Create two-dimensional Array from string

P

pjfalbe

I'm looking for the most efficient way to create a two dimensional
array from strings such as

MULTISET{ROW(1 ,' 3667 ','WARREN ','OH'),ROW(2 ,' 2948
','SHAKER HTS','OH')}

In this case MULTISET is a collection of rows from a DB. What I want
todo is efficiently
transform into a 2-dimensional array, where each row is an array.
And then collect those arrays
into 1 array of arrays. I'm currently doing this but not very
efficiently. Any help would be appreciated.
 
S

Sandy

I'm looking for the most efficient way to create a two dimensional
array from strings such as

MULTISET{ROW(1 ,' 3667 ','WARREN ','OH'),ROW(2 ,' 2948
','SHAKER HTS','OH')}

In this case MULTISET is a collection of rows from a DB. What I want
todo is efficiently
transform into a 2-dimensional array, where each row is an array.
And then collect those arrays
into 1 array of arrays. I'm currently doing this but not very
efficiently. Any help would be appreciated.
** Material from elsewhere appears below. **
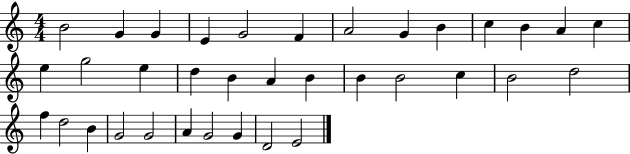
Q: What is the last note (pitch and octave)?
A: E4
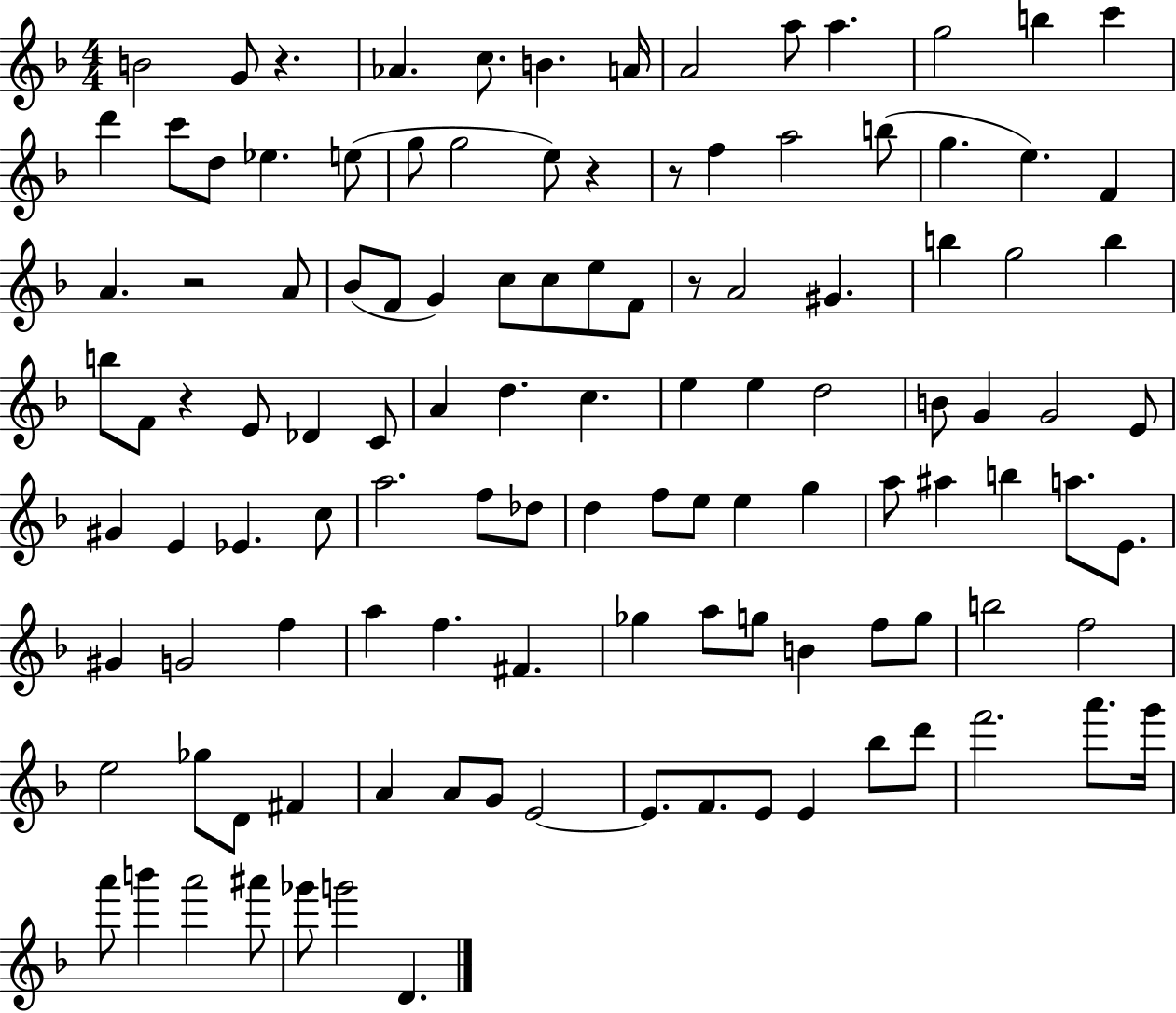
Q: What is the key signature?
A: F major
Why don't you clarify what do you mean by 'efficiently'. Are you
optimizing the speed of adding records or finding a record in the
collection (based on which fields?) or what? How are you doing this
currently and what appears to be a problem?

It is hard to suggest any particular approach without such details. In
general it is simple:

my $record1 = [1, 3667, 'WARREN', 'OH'];
my $record2 = [2, 2948, 'SHAKER HTS', 'OH'];

my @records = ();

push @records, $record1;
push @records, $record2;

/sandy
http://myperlquiz.com/
 
B

Ben Morrow

Quoth "[email protected] said:
I'm looking for the most efficient way to create a two dimensional
array from strings such as

MULTISET{ROW(1 ,' 3667 ','WARREN ','OH'),ROW(2 ,' 2948
','SHAKER HTS','OH')}

In this case MULTISET is a collection of rows from a DB. What I want
todo is efficiently
transform into a 2-dimensional array, where each row is an array.
And then collect those arrays
into 1 array of arrays. I'm currently doing this but not very
efficiently. Any help would be appreciated.
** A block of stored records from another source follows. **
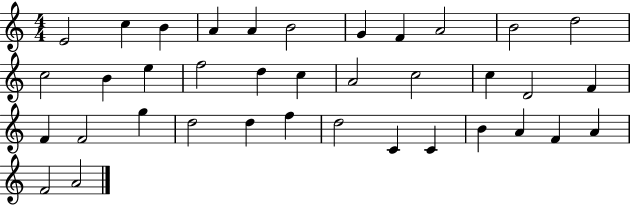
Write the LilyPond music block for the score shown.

{
  \clef treble
  \numericTimeSignature
  \time 4/4
  \key c \major
  e'2 c''4 b'4 | a'4 a'4 b'2 | g'4 f'4 a'2 | b'2 d''2 | \break c''2 b'4 e''4 | f''2 d''4 c''4 | a'2 c''2 | c''4 d'2 f'4 | \break f'4 f'2 g''4 | d''2 d''4 f''4 | d''2 c'4 c'4 | b'4 a'4 f'4 a'4 | \break f'2 a'2 | \bar "|."
}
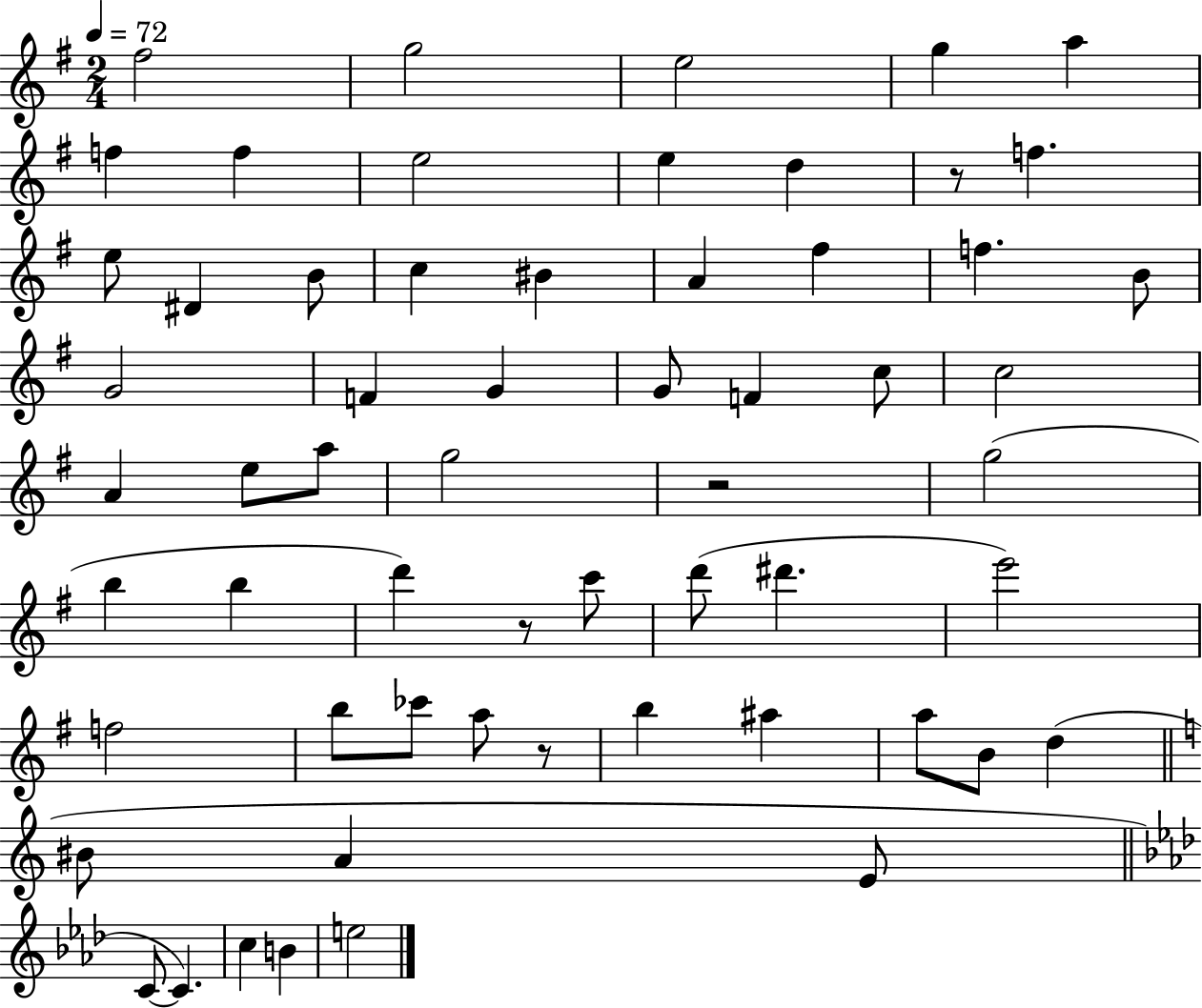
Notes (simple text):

F#5/h G5/h E5/h G5/q A5/q F5/q F5/q E5/h E5/q D5/q R/e F5/q. E5/e D#4/q B4/e C5/q BIS4/q A4/q F#5/q F5/q. B4/e G4/h F4/q G4/q G4/e F4/q C5/e C5/h A4/q E5/e A5/e G5/h R/h G5/h B5/q B5/q D6/q R/e C6/e D6/e D#6/q. E6/h F5/h B5/e CES6/e A5/e R/e B5/q A#5/q A5/e B4/e D5/q BIS4/e A4/q E4/e C4/e C4/q. C5/q B4/q E5/h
You haven;t given your code, and you haven't specified the format
accurately. For instance, can those single-quoted strings contain
commas?

I would start with something like

my @multiset;
my $multiset = q{MULTISET{ROW(...)}};

$multiset =~ /MULTISET \{ ROW \( (.*) \) \}/x
or die "bad string: $multiset";

for my $row (split / \) , ROW \( /x, $1) {
push @multiset, [split /,/, $row];
}

possibly using something like Text::CSV_XS if the comma-separated
section is more complicated than that.

Ben
 
T

Ted Zlatanov

pc> I'm looking for the most efficient way to create a two dimensional
pc> array from strings such as

pc> MULTISET{ROW(1 ,' 3667 ','WARREN ','OH'),ROW(2 ,' 2948
pc> ','SHAKER HTS','OH')}

pc> In this case MULTISET is a collection of rows from a DB. What I want
pc> todo is efficiently
pc> transform into a 2-dimensional array, where each row is an array.
pc> And then collect those arrays
pc> into 1 array of arrays. I'm currently doing this but not very
pc> efficiently. Any help would be appreciated.
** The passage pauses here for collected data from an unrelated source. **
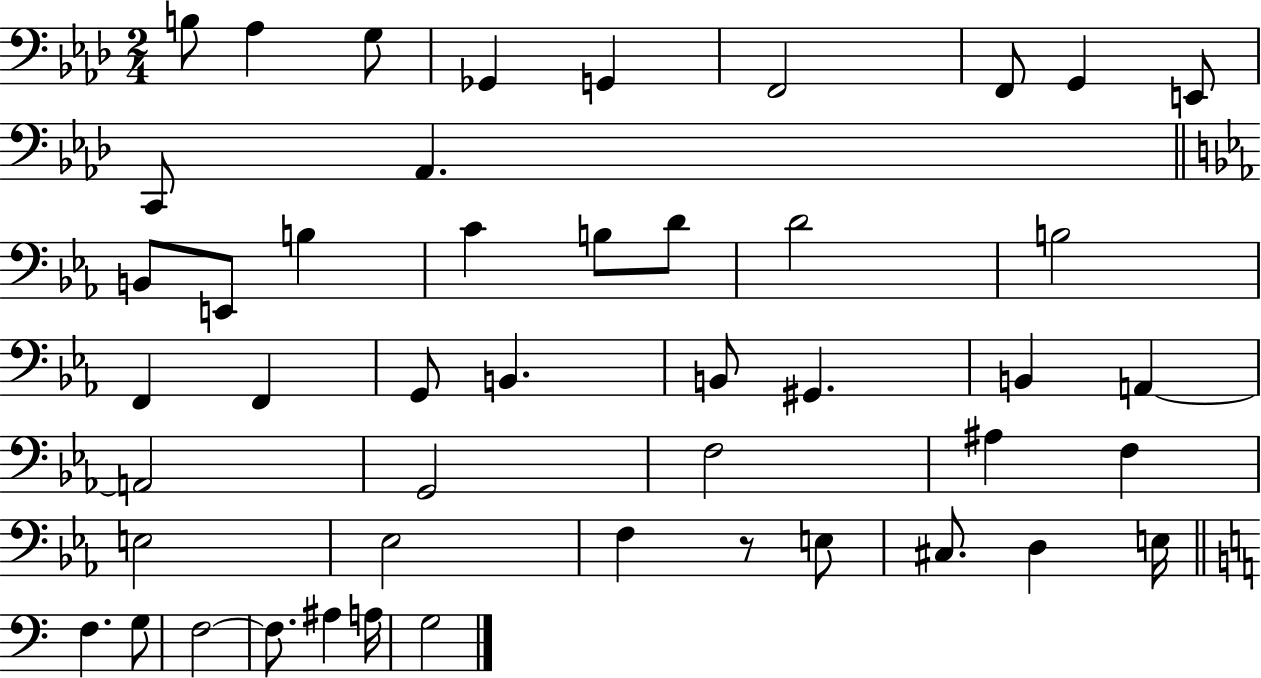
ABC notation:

X:1
T:Untitled
M:2/4
L:1/4
K:Ab
B,/2 _A, G,/2 _G,, G,, F,,2 F,,/2 G,, E,,/2 C,,/2 _A,, B,,/2 E,,/2 B, C B,/2 D/2 D2 B,2 F,, F,, G,,/2 B,, B,,/2 ^G,, B,, A,, A,,2 G,,2 F,2 ^A, F, E,2 _E,2 F, z/2 E,/2 ^C,/2 D, E,/4 F, G,/2 F,2 F,/2 ^A, A,/4 G,2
If they are really coming from a DB query, you could use the appropriate
*arrayref DBI functions to get the array back effortlessly. What you
describe is exactly what they do. Note there are many DBD::* modules
(the data drivers for DBI) so you may not be limited to classic RDBMS
(Oracle, MySQL, Postgres, etc) queries. For example see DBD::Google and
DBD::CSV.

Ted
 
J

jjcassidy

I'm looking for the most efficient way to create a two dimensional
array from strings such as

MULTISET{ROW(1     ,'  3667 ','WARREN    ','OH'),ROW(2     ,'  2948
','SHAKER HTS','OH')}

In this case MULTISET is a collection of rows from a DB.  What I want
todo is efficiently
transform into a 2-dimensional array,  where each row is an array.
And then collect those arrays
into 1 array of arrays.  I'm currently doing this but not very
efficiently.  Any help would be appreciated.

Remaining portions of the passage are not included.